Une famille obéit à des tensions. Mais comme chacun sait qu’il y aura un lendemain, tout le monde se retient un peu pour ne pas dire ses quatre vérités à l’autre. Un exemple de tension : quand dans Sieranevada, le personnage principal, Lary, demande à son frère s’il pense qu’il peut décrocher le téléphone qui sonne, son frère lui répond : « Je ne sais pas, demande à Maman ». C’est une agression qui cache une histoire derrière. Le militaire pense que Lary est le fils à sa maman. Mais les choses ne sont pas dites directement. On se lance des petites fléchettes, mais indirectement.
Le troisième élément, c’est le 11 septembre, le rapport à la grande Histoire. On sait tout sur ce qui s’est passé le 11 septembre 2001, je crois. Pourtant, il y a beaucoup de gens, comme le personnage du jeune homme, dans le film, qui continuent à suivre les thèses complotistes. Pourquoi ? Parce qu’ils ont plus confiance dans les médias alternatifs que dans les médias officiels.
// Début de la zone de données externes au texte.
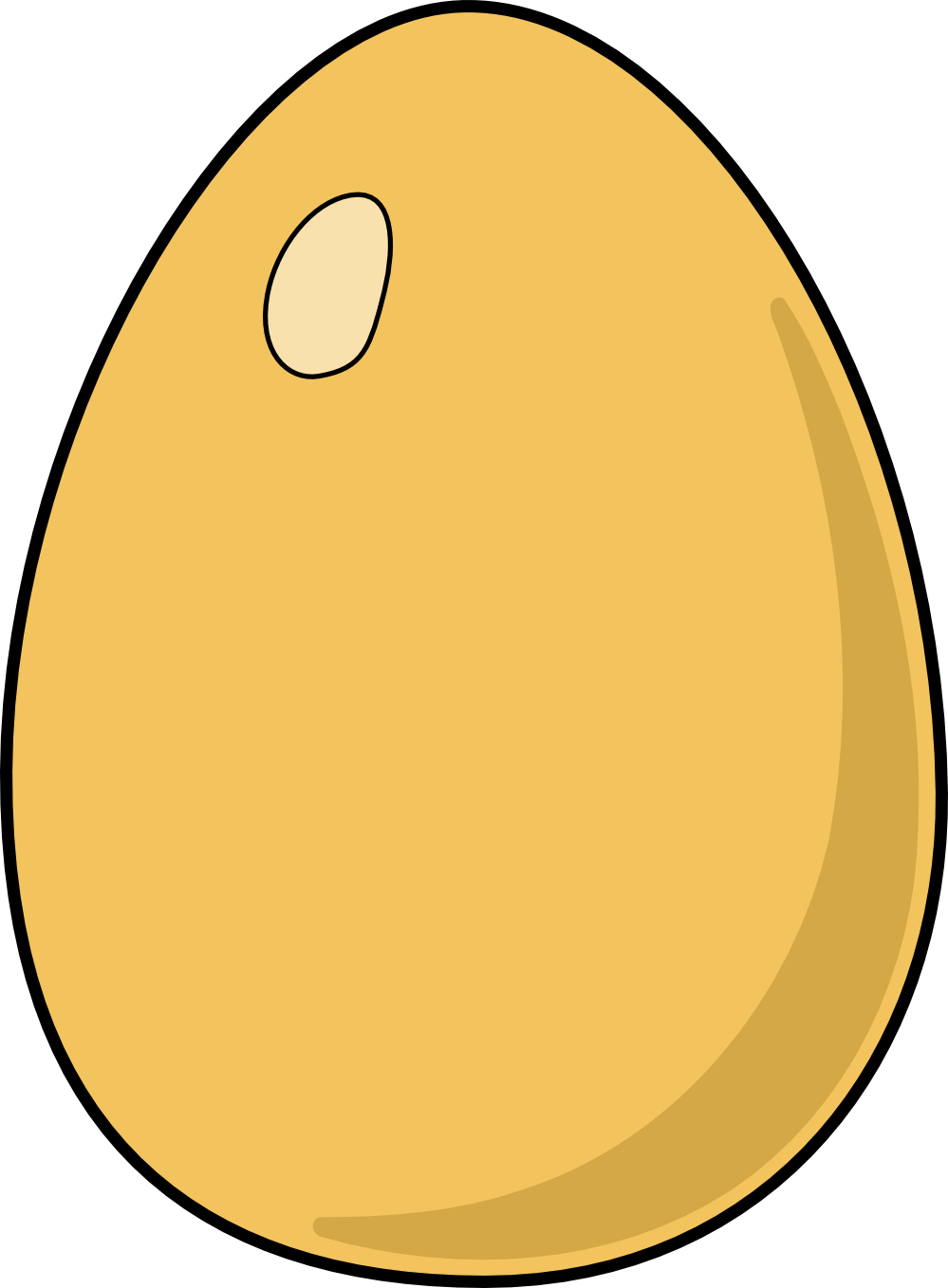 Egg Clipart.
Mais la quête de la vérité cache la plupart du temps la quête d’un confort avec nos vérités.
Pour dépasser ses propres convictions, il faut se mettre en danger, mais personne n’a envie de se mettre en danger ! Certains le font, heureusement, sinon on vivrait dans la République Populaire Mondiale (rire).
La remise en questions de ses certitudes est un sport qui est pratiqué par une poignée d’individus, ou par tous les individus à de rares moments. Pour tout le monde, il est difficile de dire : « Pardonne-moi ». Parce que c’est une atteinte à notre dignité. Mais on n’aime pas ça, on fait tout pour l’éviter, hommes et femmes confondus. Et quand on le fait, on déteste l’autre, parce qu’il a mis dans cette position de demander pardon. Voilà. On vit dans la fiction. C’est sans doute un lieu commun, mais le vivre, c’est autre chose que de le savoir. Constater que chaque témoin d’un événement a une vision différente de cet événement n’empêche pas que cet événement a eu lieu ! Une fois qu’on le nomme, on le définit, et tout le monde n’utilise pas le même mot. L’histoire de la révolution, roumaine, est-ce que c’est une révolution populaire ou est-ce que c’est un coup d’Etat organisé par des gens qui étaient à l’intérieur du parti communiste ? Ou les deux ? Les opinions sont partagées. C’est un événement, mais de quelle nature ? On ne sait pas.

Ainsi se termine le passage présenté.